Half the battle of getting ready for the unexpected is mental preparedness. Many people first consider preparing for a crisis after being made aware of a potential future problem. Concerned that they might be caught off guard, they wonder if they should take steps to deal with the potential problem. Concern can motivate us, but excessive worry can interfere with rational thought. Preparedness is best done with a clear mind and a sober, realistic outlook. A primary goal is to recognize and address legitimate problems while discarding unrealistic concerns that do not require preparedness.
Ask any member of a military special operations team what the key is to surviving adverse conditions and achieving difficult goals, and they’ll tell you that nothing they do is possible without proper mental preparedness. You can have the best gear and years of training in how to use it, but without the right mindset, you will not use your equipment effectively.
With our minds focused on the issues of daily life, many of us are unaware of the dangers that surround us. When faced with a sudden threat, we go from a mental state of unawareness to a state of panic in a matter of seconds. When our mind is filled with fear, we can’t think rationally. We make errors in judgment or freeze when we should be reacting to a threat. Situational awareness is our ability to recognize and respond to threats.

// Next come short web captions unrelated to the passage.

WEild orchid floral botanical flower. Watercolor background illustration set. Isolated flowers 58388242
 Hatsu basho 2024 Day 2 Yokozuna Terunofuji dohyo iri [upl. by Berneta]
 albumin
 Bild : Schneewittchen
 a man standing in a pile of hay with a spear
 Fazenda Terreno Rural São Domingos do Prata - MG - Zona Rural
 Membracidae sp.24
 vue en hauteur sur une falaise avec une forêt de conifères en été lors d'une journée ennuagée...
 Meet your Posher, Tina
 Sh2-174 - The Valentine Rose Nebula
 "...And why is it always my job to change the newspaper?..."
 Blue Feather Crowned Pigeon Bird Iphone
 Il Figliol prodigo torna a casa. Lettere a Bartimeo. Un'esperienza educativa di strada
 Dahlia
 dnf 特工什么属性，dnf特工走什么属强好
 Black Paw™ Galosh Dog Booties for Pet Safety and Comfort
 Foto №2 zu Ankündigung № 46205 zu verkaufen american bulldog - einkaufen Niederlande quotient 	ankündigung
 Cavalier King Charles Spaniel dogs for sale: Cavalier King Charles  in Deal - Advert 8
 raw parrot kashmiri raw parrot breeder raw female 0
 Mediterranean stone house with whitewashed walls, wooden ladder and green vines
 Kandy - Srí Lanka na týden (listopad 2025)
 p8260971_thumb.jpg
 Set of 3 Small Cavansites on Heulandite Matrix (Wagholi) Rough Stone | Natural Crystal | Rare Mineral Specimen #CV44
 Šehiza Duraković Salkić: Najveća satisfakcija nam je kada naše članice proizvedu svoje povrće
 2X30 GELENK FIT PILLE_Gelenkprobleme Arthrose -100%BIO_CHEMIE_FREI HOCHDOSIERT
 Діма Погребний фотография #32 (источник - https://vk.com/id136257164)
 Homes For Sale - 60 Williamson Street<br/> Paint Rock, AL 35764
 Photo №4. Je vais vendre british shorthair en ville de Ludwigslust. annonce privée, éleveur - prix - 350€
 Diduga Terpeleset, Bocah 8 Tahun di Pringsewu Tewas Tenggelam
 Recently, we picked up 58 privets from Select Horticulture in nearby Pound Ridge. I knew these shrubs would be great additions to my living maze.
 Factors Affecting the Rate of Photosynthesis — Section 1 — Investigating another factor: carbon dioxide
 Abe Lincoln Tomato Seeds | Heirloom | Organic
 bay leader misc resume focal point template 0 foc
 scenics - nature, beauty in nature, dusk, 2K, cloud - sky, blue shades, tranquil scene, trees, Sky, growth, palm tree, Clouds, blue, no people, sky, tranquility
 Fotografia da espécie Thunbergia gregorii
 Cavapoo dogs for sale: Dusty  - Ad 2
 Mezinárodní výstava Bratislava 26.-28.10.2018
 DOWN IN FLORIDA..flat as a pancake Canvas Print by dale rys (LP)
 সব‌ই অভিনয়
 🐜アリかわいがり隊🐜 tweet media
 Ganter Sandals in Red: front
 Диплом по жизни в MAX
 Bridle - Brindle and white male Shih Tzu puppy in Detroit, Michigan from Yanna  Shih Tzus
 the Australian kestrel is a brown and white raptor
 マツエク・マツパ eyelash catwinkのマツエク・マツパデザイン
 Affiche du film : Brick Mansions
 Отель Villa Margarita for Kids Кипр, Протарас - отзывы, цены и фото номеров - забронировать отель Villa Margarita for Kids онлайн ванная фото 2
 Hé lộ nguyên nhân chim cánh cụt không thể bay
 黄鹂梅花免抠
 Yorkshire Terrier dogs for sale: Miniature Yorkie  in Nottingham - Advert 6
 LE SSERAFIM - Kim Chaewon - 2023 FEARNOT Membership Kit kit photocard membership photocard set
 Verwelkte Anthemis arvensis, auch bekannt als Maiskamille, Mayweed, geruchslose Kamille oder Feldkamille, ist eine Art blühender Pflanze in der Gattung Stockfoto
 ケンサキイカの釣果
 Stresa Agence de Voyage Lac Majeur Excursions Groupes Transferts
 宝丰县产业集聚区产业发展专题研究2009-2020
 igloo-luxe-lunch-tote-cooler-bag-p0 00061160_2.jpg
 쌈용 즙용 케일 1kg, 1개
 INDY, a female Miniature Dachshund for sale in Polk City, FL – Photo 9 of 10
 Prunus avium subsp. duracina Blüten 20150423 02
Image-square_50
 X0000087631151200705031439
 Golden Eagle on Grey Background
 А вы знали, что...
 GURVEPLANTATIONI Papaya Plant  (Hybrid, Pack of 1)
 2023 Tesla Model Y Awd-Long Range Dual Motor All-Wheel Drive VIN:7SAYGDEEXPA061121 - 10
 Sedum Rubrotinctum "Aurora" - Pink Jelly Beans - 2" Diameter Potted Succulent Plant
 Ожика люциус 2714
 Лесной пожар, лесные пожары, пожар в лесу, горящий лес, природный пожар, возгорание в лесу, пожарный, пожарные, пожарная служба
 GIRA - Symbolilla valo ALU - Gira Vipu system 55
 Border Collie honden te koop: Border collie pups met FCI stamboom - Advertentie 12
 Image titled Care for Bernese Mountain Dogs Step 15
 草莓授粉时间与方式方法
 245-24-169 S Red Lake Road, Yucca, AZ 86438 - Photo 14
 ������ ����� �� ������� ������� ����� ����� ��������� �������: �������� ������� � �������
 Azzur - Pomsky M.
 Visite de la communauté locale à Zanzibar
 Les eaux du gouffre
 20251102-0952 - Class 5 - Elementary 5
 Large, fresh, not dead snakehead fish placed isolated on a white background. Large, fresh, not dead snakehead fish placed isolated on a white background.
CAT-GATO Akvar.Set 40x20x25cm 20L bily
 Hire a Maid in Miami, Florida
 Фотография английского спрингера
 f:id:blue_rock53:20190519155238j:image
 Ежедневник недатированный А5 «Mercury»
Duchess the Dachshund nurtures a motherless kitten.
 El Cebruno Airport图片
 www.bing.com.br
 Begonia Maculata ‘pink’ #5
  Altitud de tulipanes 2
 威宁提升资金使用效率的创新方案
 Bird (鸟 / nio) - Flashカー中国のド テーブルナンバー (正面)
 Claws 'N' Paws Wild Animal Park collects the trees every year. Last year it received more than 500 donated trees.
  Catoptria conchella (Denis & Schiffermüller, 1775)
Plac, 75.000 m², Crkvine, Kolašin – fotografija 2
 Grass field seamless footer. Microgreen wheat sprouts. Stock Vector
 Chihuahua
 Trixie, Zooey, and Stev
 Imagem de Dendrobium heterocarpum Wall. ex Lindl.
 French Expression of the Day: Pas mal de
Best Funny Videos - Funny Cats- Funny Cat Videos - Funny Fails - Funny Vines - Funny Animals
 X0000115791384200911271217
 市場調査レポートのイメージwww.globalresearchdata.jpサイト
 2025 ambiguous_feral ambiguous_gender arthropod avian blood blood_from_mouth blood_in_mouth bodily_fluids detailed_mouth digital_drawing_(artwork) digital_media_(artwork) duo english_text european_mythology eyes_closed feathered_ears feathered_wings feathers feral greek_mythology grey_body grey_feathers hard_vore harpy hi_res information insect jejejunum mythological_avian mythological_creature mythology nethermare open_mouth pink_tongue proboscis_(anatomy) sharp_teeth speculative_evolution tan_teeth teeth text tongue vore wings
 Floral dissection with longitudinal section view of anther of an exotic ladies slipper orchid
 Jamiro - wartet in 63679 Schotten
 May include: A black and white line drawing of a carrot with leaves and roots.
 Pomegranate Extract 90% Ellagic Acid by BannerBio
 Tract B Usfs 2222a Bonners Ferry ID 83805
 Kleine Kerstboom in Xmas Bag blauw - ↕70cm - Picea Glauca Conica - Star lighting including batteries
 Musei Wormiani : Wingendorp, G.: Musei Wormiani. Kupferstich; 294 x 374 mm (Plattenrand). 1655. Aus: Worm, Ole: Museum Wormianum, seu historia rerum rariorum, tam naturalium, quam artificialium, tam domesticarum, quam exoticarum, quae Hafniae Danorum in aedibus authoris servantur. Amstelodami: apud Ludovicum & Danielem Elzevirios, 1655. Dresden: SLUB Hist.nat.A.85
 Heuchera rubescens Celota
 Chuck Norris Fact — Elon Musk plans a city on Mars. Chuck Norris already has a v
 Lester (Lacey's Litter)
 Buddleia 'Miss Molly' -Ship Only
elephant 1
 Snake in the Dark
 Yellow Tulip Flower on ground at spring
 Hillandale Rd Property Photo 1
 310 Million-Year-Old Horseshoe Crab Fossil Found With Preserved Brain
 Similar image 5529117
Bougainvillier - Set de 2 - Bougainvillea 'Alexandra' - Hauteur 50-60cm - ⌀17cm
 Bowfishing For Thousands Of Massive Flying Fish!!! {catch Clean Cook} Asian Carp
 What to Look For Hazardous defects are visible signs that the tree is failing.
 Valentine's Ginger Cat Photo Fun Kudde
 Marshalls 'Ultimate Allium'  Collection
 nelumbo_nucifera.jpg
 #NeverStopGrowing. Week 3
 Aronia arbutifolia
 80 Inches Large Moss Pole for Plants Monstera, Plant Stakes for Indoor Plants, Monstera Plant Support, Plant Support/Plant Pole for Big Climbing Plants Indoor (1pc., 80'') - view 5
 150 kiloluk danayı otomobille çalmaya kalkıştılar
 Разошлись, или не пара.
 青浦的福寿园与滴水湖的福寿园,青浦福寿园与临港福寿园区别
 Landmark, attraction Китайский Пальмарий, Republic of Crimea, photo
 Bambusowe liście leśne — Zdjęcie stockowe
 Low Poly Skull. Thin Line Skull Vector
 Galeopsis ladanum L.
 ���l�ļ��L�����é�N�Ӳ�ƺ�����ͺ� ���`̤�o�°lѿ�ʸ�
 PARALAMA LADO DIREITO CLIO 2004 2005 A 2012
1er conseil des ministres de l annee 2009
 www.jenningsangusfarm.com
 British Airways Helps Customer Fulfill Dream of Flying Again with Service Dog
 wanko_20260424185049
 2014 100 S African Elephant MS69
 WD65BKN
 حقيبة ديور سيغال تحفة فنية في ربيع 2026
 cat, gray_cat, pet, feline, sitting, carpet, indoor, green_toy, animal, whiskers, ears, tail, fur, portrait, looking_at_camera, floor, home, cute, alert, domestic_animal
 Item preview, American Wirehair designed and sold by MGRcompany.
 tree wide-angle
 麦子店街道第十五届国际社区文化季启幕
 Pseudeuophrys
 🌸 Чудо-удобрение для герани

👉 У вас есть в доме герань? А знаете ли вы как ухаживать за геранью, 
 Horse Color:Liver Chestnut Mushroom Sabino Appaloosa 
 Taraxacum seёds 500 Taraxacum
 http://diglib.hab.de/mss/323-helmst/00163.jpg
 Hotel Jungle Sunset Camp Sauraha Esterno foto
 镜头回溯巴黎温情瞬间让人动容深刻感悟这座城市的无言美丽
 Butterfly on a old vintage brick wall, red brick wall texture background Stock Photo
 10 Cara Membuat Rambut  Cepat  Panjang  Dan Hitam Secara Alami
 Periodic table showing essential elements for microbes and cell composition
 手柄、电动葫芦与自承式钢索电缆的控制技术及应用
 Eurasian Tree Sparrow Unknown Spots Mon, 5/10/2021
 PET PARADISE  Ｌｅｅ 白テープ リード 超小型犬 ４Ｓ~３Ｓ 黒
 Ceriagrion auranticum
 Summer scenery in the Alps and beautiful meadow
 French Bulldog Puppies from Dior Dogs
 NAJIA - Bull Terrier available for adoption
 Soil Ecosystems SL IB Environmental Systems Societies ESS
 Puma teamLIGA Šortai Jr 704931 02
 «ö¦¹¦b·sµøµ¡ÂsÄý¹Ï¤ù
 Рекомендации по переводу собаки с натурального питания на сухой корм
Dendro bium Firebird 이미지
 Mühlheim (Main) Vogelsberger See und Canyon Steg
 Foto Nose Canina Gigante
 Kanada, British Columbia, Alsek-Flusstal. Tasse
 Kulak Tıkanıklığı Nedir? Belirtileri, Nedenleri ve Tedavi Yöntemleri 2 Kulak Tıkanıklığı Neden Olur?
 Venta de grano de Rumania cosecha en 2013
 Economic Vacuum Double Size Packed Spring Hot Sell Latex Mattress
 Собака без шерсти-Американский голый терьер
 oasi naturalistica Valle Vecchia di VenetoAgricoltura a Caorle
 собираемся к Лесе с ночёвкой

Jeff Cooper developed a system that describes the different levels of situational awareness based on color codes. Cooper’s color codes are divided into five categories: white, yellow, orange, red, and black. Level white is when you’re not aware of what is going on around you. You’re unaware of potential threats and unprepared for an assault. In condition yellow, you’re aware of your surroundings—prepared but relaxed. In level orange, you’ve recognized a possible threat and are prepared to act on it. In level red, you’ve engaged a threat, and your focus is on dealing with it. While focusing on the immediate threat, a secondary focus is on other possible dangers and potential help from strangers, friends, or law enforcement. In condition black, you panic, freeze, and shut down. This is the worst possible state. Condition yellow is where we should be most of the time. Our eyes are scanning the environment, looking for potential threats, but we’re physically relaxed. Maintaining proper awareness is helpful during times of peace, but it’s critical during a crisis.
Adverse environments and difficult tasks present physical and mental problems that can overwhelm us. No one thinks of giving up when life is easy, but when adversity comes, we face the temptation to quit. When times are hard, the thought of giving up must be opposed by a reason to keep going. If the reason to persevere is stronger than the reason to quit, one will generally continue fighting. Before beginning a difficult pursuit, it helps to find a compelling reason to see the task through to its completion.
Why do you want to prepare for a potential disaster?
Your motivation may be as simple as wanting to be prepared for a power outage caused by a hurricane. Some have pragmatic reasons for prepping, but others have ideological reasons. Perhaps you value liberty above all else and feel a need to fight against the forces of tyranny. Maybe you desire to pass along to your grandchildren the values and lessons you’ve learned in life. Whatever your motivation is, think about it every day during a crisis. Continually reminding yourself why you are doing what you are doing will drive out the temptation to quit when times are hard. Mental preparedness is the most important asset you have. Nothing can force you to quit if you’re mentally prepared for adversity.